Right now could be the best time of year for blueberries. Picking season has started, although heavy rains could make for a smaller crop than in years past. Let's get those jams, pies and pancakes started.
The key to choosing berries in the grocery store is to find firm, dry berries. A dusty white covering, known as a "bloom," is a good thing. It means the berries were recently picked. I always pop one or two in my mouth. It's the only way to know for sure.
In addition to trying the berries, lightly shake the pint container. If the berries clump together, pick up another pint. Blueberries that stick together are either overripe or were crushed in the picking or transport. The same goes for frozen blueberries. If they're clumped together, they may have thawed and refrozen.
Blueberries will keep for about a week if you put them in a covered container in the fridge. Don't wash them until just before you eat them. The bloom is what protects the skin of the berries and washing it off will cause the berries to ripen faster. Wash and gently dry blueberries before freezing them on a plate or cookie sheet. After the berries have frozen, then transfer them to a plastic bag.
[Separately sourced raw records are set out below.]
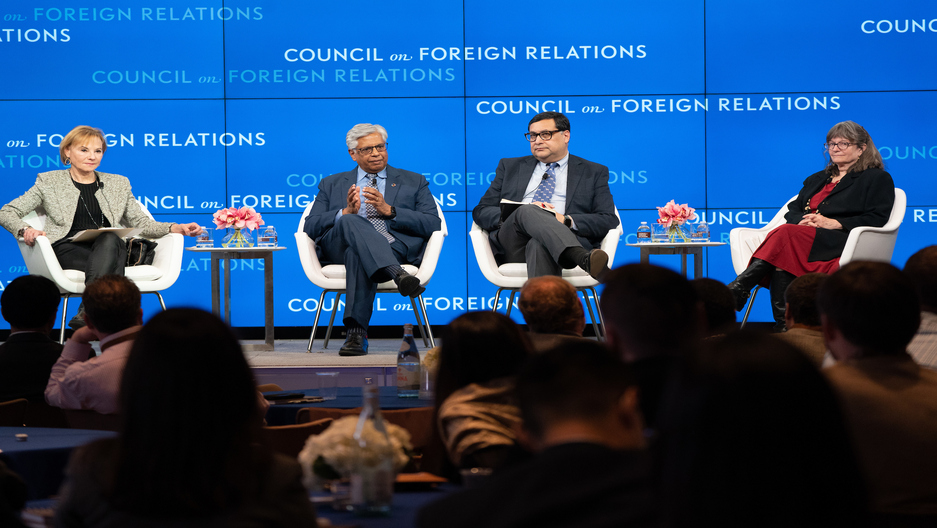 Panel discussion on a stage.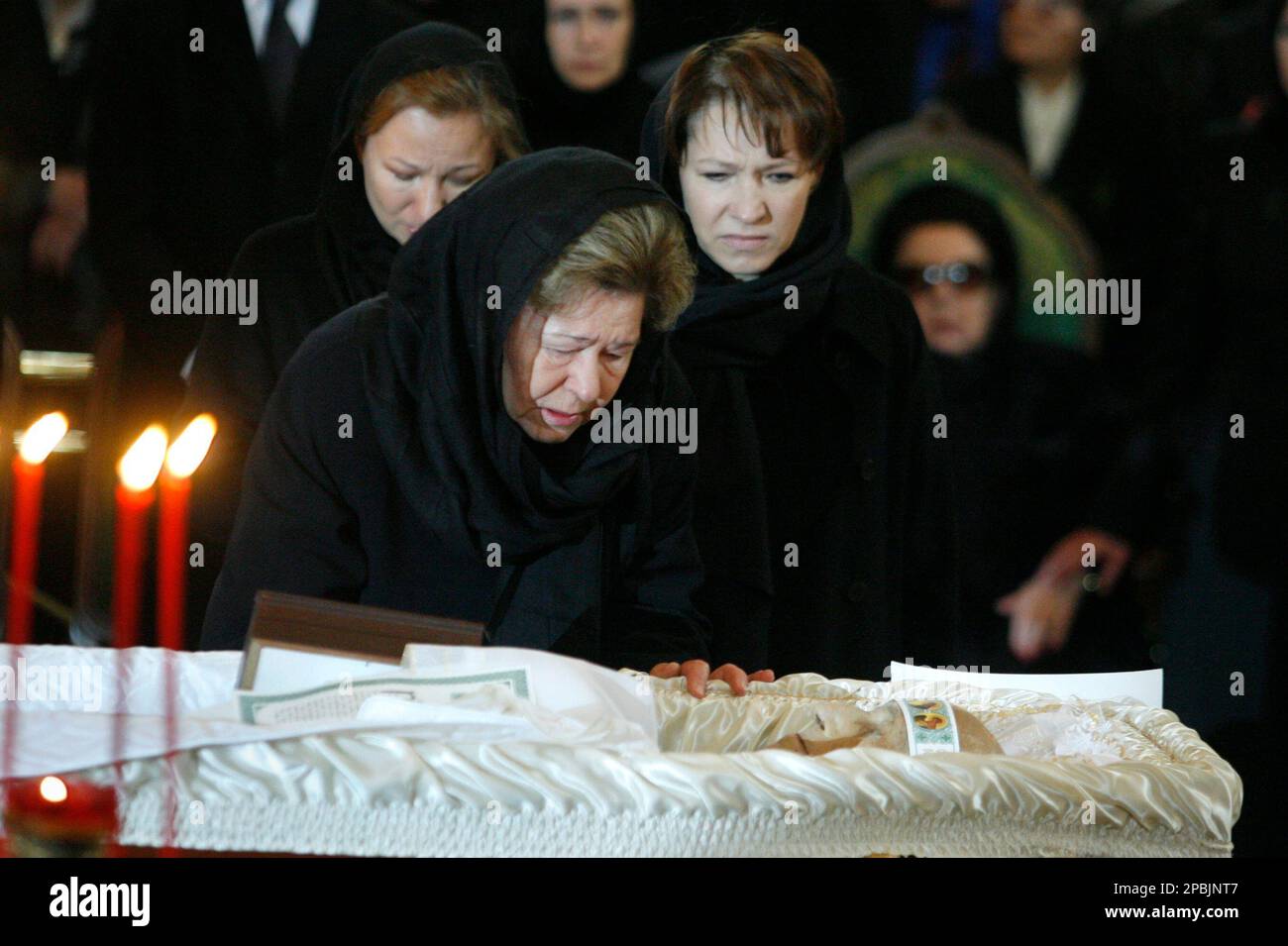 The widow of former Russian president Boris Yeltsin, Naina, center,and ...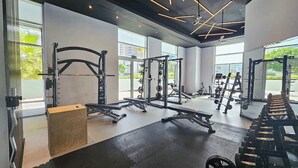 A modern gym with various weightlifting equipment, large windows, and a minimalist design. - StayShort - Stylish Barsha Heights Retreat with Swimming Pool for 2 (Barsha Heights)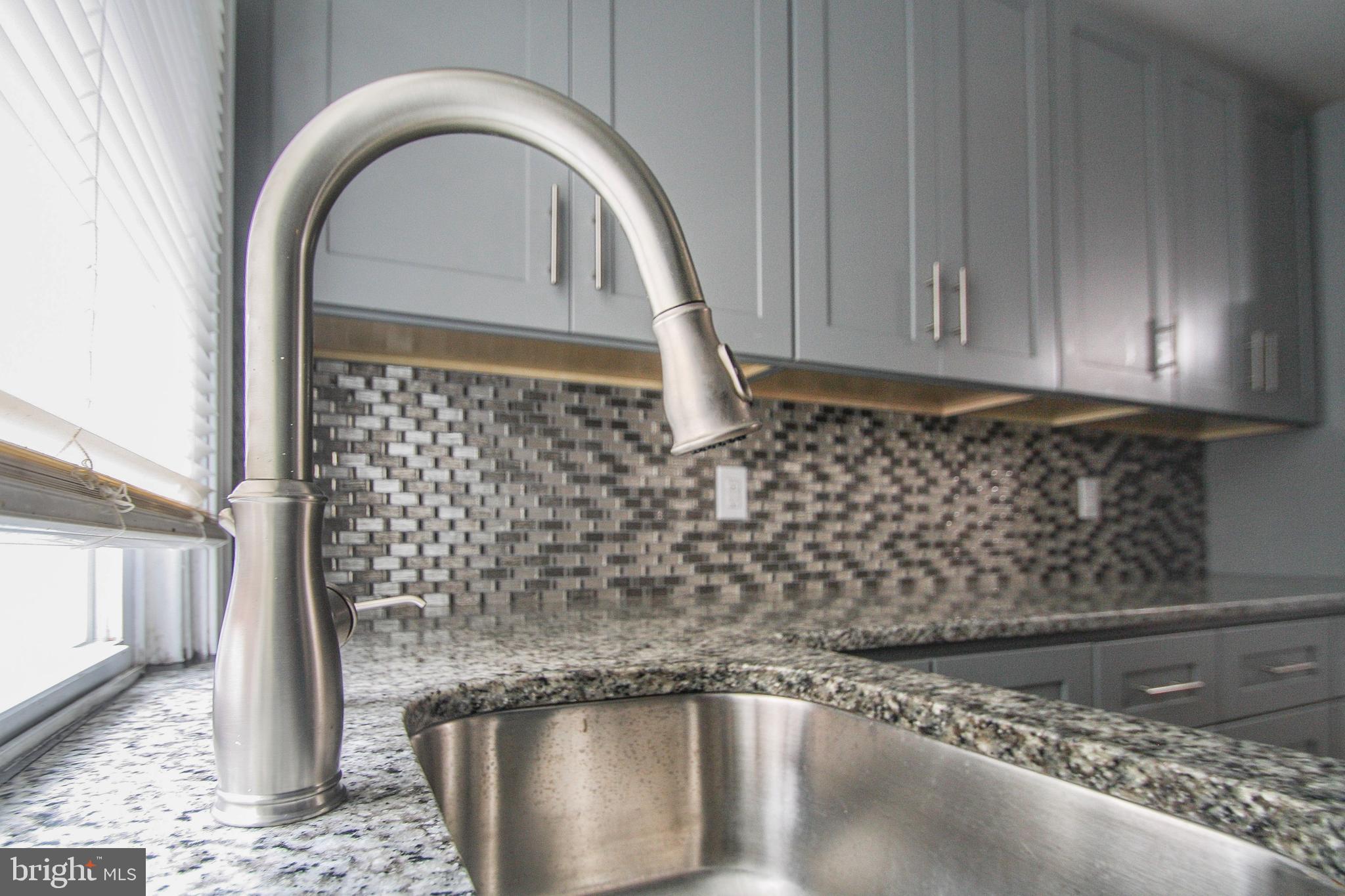 268 Sanford Road Upper Darby, PA 19082 - Photo 12 of 25 a close view of a sink a faucet and a window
There are a number of options for picking your own. The Berry Patch in Cleveland, Missouri, is about 30 minutes south of Kansas City. You can call ahead (816-618-2771) to find out the best time for picking. Duncan's Berry Farm -- which sells at the Briarcliff Farmers Market -- has a relatively new u-pick operation in Smithville, Missouri. Call 816-873-3053 to get a picking report on blackberries and blueberries.
Never picked your own? Use your thumb and forefinger to remove a blueberry from a bush while cupping your hand underneath to catch the berry. This will keep you from bruising or crushing the delicate berry.
Or save your back by pushing a cart around McGonigle's Market, which has blueberries from Osceola, Missouri, for $3.50 a pound.